Eric Khoo est un cinéaste qui va à l’essentiel : l’humain. Après avoir raconté l’histoire exemplaire de Thérèse Chan dans Be with me puis celle d’une bonne à tout faire de Singapour soumise à l’arbitraire de ses patrons, dans Pas un jour de congé, il porte ici son regard bienveillant sur un magicien. En nos contrées, nous parlerions d’un fakir.

Francis, une force de la nature (et ce n’est pas un euphémisme) a été brisé par le départ de sa femme. Il vivote grâce à son travail d’homme à tout faire dans un bar, où il assèche au passage l’alcool au fond des verres. Confronté à la démission de son père, le fils survient à ses besoins en rédigeant les devoirs de ses camarades contre argent sonnant et trébuchant. Il peut ainsi acheter des nouilles à la gargote du coin. Le fils reproche au père de se laisser aller. Francis va finalement reprendre son ancien métier après avoir fait un tour de magie dans le bar où il travaille. Ses tours de force : se percer la peau avec une aiguille, s’allonger sur un lit de tessons de verre,... suscitent l’intérêt malsain de ses truands de patrons, impressionnés par sa résistance. En pratiquant de nouveau son art, le magicien renoue avec un passé heureux et avec son fils, auprès duquel il veut se racheter. Le prix à payer sera élevé...

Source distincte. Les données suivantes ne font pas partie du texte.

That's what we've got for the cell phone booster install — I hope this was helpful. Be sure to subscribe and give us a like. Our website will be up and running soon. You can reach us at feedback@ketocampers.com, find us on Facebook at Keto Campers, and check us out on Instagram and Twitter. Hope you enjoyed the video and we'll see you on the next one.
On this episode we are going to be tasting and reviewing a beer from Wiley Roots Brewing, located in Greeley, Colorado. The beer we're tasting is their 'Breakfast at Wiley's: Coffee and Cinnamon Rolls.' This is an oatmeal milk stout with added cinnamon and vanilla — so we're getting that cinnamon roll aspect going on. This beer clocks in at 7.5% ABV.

My Magic raconte cette histoire simple et pour mieux la mettre au premier plan, Eric Khoo a rejeté les artifices de la mise en scène : les mouvements de caméra sont réduits au minimum, les scènes filmées dans un éclairage brut... Dans la même philosophie, son film ne dure qu’une heure et 15 minutes à une époque où les réalisateurs n’ont pas l’impression de faire un film s’il ne dure pas au moins 1h50. Voire 2h30 pour un blockbuster qui voudrait se respecter. Quitte à perdre le spectateur en multipliant les personnages et les sous-intrigues sans intérêts.

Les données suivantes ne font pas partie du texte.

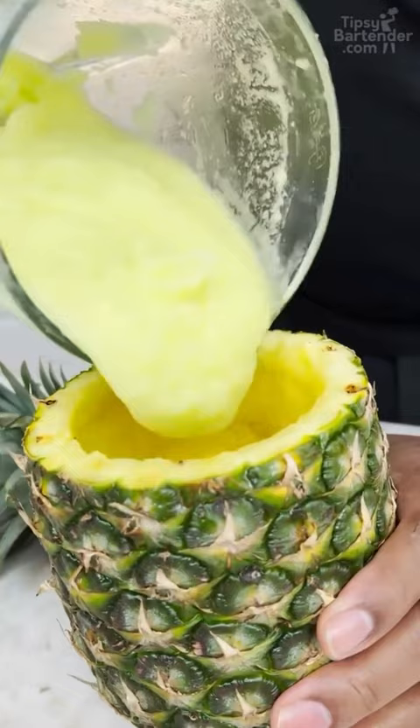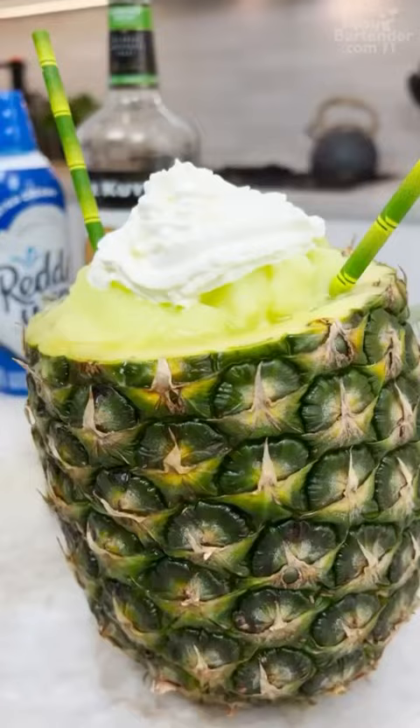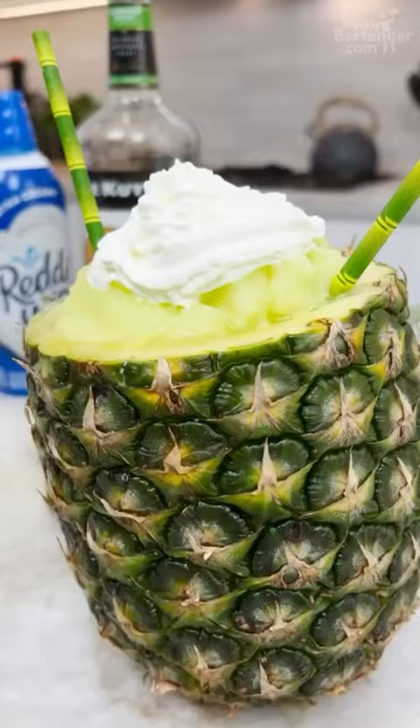Okay guys, we're chunky homeboy, we're chunky. We're chunky in here. Beautiful. And there you have it homeboy, the frozen Scooby snack in a pineapple — for you and that someone special.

Fidèle à sa méthode, le réalisateur singapourien mélange fiction et réalité. Francis Bosco est magicien de profession et, comme un célèbre acteur français, il a lui-même accompli tous ses tours. Mais même sans le savoir, on ne peut être que mal à l’aise devant les numéros les plus extrêmes : jusqu’où est on prêt à se sacrifier pour assurer l’avenir de ceux que l’on aime ?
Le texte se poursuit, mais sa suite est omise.